## Source records
= = = = = = =

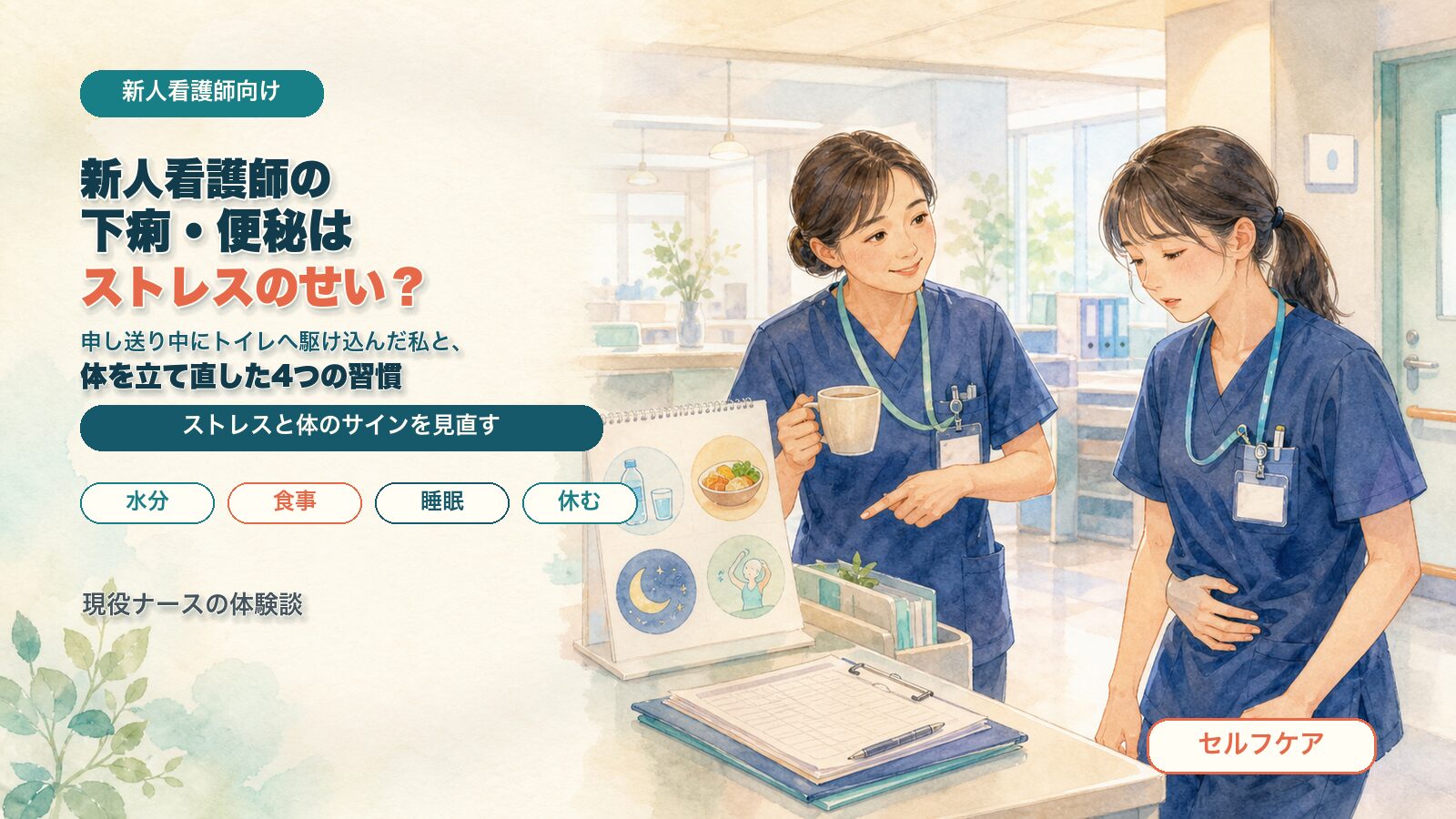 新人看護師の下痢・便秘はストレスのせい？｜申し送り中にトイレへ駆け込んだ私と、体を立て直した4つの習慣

= = = = = = =

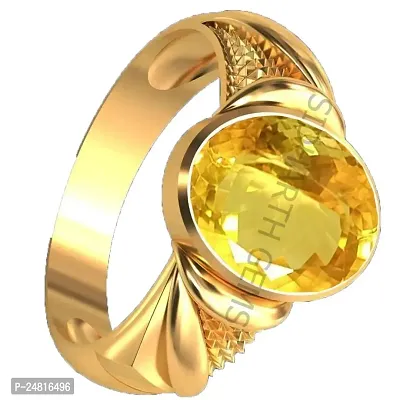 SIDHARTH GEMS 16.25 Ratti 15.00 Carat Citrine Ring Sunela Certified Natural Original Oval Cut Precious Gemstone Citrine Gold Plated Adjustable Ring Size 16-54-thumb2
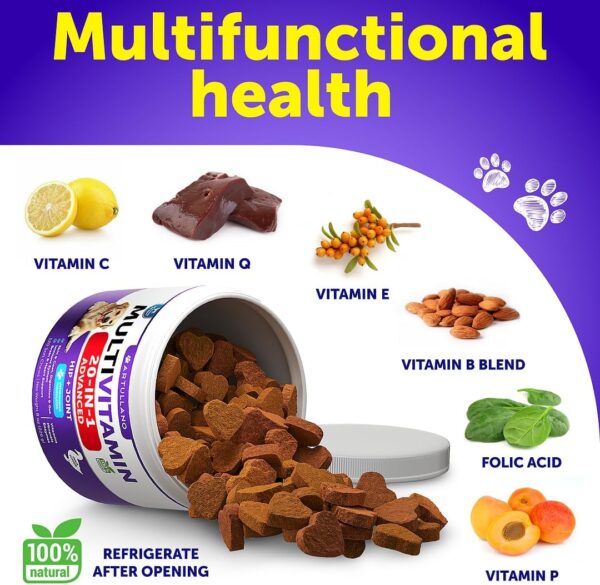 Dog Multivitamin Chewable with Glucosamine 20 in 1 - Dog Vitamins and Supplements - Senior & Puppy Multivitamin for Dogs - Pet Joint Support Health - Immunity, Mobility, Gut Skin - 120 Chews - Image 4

= = = = = = =

Exact copy, pictures excluded: every line above from the one containing "SIDHARTH GEMS 16.25" to the one containing "Dog Multivitamin Chewable", inclusive, and nothing more.

## Output of the exercise
 SIDHARTH GEMS 16.25 Ratti 15.00 Carat Citrine Ring Sunela Certified Natural Original Oval Cut Precious Gemstone Citrine Gold Plated Adjustable Ring Size 16-54-thumb2
 Dog Multivitamin Chewable with Glucosamine 20 in 1 - Dog Vitamins and Supplements - Senior & Puppy Multivitamin for Dogs - Pet Joint Support Health - Immunity, Mobility, Gut Skin - 120 Chews - Image 4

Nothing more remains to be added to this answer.